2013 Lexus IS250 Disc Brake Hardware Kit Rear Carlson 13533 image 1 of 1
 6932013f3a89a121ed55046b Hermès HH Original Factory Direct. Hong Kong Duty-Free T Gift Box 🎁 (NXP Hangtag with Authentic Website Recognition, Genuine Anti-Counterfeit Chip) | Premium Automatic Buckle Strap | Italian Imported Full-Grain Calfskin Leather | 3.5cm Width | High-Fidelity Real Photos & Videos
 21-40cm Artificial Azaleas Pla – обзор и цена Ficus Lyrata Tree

========================================================================

(What the task asks) Every line of the data is to be printed again exactly.

(Output for this exercise)
2013 Lexus IS250 Disc Brake Hardware Kit Rear Carlson 13533 image 1 of 1
 6932013f3a89a121ed55046b Hermès HH Original Factory Direct. Hong Kong Duty-Free T Gift Box 🎁 (NXP Hangtag with Authentic Website Recognition, Genuine Anti-Counterfeit Chip) | Premium Automatic Buckle Strap | Italian Imported Full-Grain Calfskin Leather | 3.5cm Width | High-Fidelity Real Photos & Videos
 21-40cm Artificial Azaleas Pla – обзор и цена Ficus Lyrata Tree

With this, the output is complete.